Es ist Euch Müttern möglich, Euren Kindern viele Schmerzen und viele schlaflose Nächte zu ersparen, wenn Ihr den Mund der Kleinen sorgfältig pflegt. Ich möchte mir erlauben, die Mütter zu ermahnen, besser auf die Zähne ihrer Kinder, diese wichtigen Werkzeuge des menschlichen Körpers, zu achten.

Wer, wie ich, in der Lage ist, so oft die traurigen Mundverhältnisse der Kinder zu beobachten, der wird mit mir sagen, es wird in dieser Beziehung Unglaubliches gesündigt.

Wie oft wird mir so ein kleiner Patient zugeführt, vor Schmerzen jammernd, mit der Aufforderung, demselben den kranken Zahn zu entfernen. Die Angst, die dann das kleine, durch mehrere schlaflose Nächte ohnedies schon aufgeregte Menschenkind hat, ist unbeschreiblich, und es tut mir selbst bis in die Seele weh. Sehe ich dem Patienten in den Mund - was muß ich hier erblicken! Kaum ein Zahn, der gesund genannt werden könnte; oft an einem, ja auch an mehreren Zähnen Eiterung und starke Entzündung, Zähne, die der Zange ohne jede Rettung zum Opfer fallen müssen. Sagt man dies der Mutter oder der begleitenden Person, so bekommt man zur Antwort: "Es sind ja nur Milchzähne." Abgesehen davon, daß auch die Milchzähne einer sehr sorgfältigen Pflege bedürfen, wenn das bleibende Gebiß nicht krank zur Welt kommen soll, will ich darauf aufmerksam machen, daß sich viele Mütter in der irrigen Meinung befinden, ihre Kinder hätten noch keine bleibenden Zähne, wenn der erste bleibende Mahlzahn längst so krank ist, daß an ein Erhalten desselben kaum mehr zu denken ist.

Sobald man den Leuten erklärt, daß es sich nicht um einen Milch-, sondern um einen bleibenden Zahn handle, äußern sie sich dahin, es sei dies unmöglich, denn dem Kinde sei noch kein Zahn extrahiert worden, es habe also noch kein Zahnwechsel stattgefunden.

Es sollte jede Mutter zum mindesten wissen, daß das Milchgebiß nur zwanzig Zähne hat, und daß zwischen dem sechsten und siebenten Lebensjahr die vier ersten bleibenden Mahlzähne zum Durchbruch kommen und somit die zweite Zahnung beginnt.

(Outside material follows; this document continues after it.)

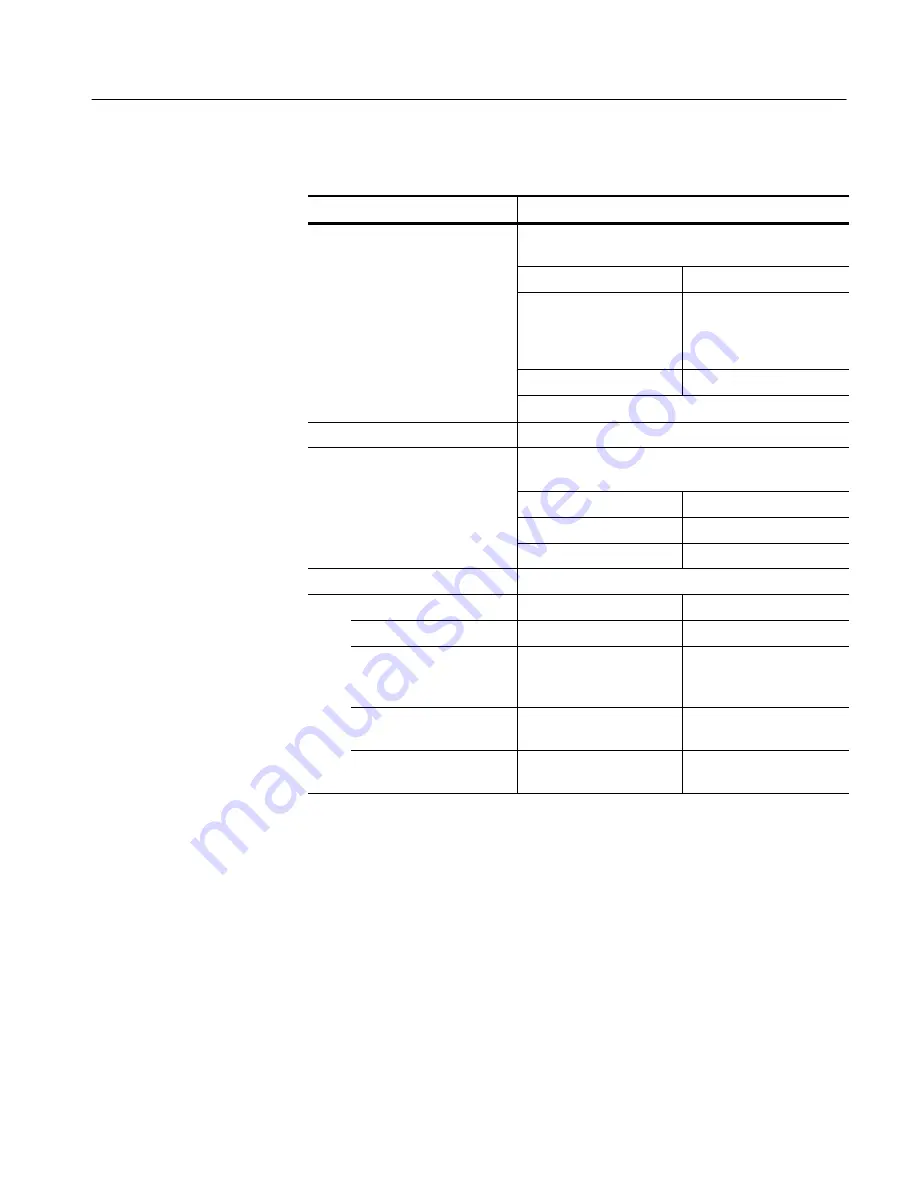 Tektronix TDS7054 Скачать руководство пользователя страница 35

Es ist die Pflicht einer jeden Mutter, alles dazu beizutragen, um diese Zähne ihrem Liebling gesund zu erhalten. Wie viele Magenbeschwerden könnten dadurch verhütet werden, denn diesen bedauernswerten Geschöpfen ist es unmöglich, mit ihren Zähnen die Speisen genügend zu zerkleinern, und wird dadurch dem Magen die Arbeit sehr erschwert. Die in Fäulnis übergegangenen Speisereste, welche in kariösen Zähnen zurückbleiben, verbreiten stets sehr üblen Geruch; die Folge davon ist Appetitlosigkeit, durch welche das Kind, da der Körper nicht genug Nahrung zugeführt bekommt, in seiner ganzen Entwicklung gehemmt wird.

Wie manche erwachsene Tochter wäre nicht entstellt durch das Fehlen der Vorderzähne, wenn ihr Gebiß schon von Kindheit auf gepflegt worden wäre. Aber nicht der Schönheit, sondern vor allem der Gesundheit wegen müssen wir auf die Zähne, und ich betone ausdrücklich, auch auf die Milchzähne acht geben.

Es dürfte noch Vielen unbekannt sein, daß schief gewachsene Gebisse in den meisten Fällen auf das zu frühe Entfernen der Milchzähne zurückzuführen sind. Außerdem bedenke man, welche Erleichterung es für unsere Kinder wäre, wenn nur Milchzähne, die schon lose, also vom kommenden bleibenden Zahne ausgestoßen sind, entfernt werden müßten.

Ein jedes Kind müßte mindestens ein- bis zweimal jährlich einem tüchtigen Fachmann zugeführt werden; nur dadurch kann ein Gebiß, nebst der gründlichen Pflege erhalten werden.

Zum Schlüsse rufe ich nochmals jeder Mutter zu: Pflege die Zähne Deiner Lieblinge. Kleinen Kindern wird der Mund nach jeder Mahlzeit mit einem sauberen Leinwand-Läppchen gereinigt. Größere Kinder müssen von früh auf an mehr- ^[folgende Seite]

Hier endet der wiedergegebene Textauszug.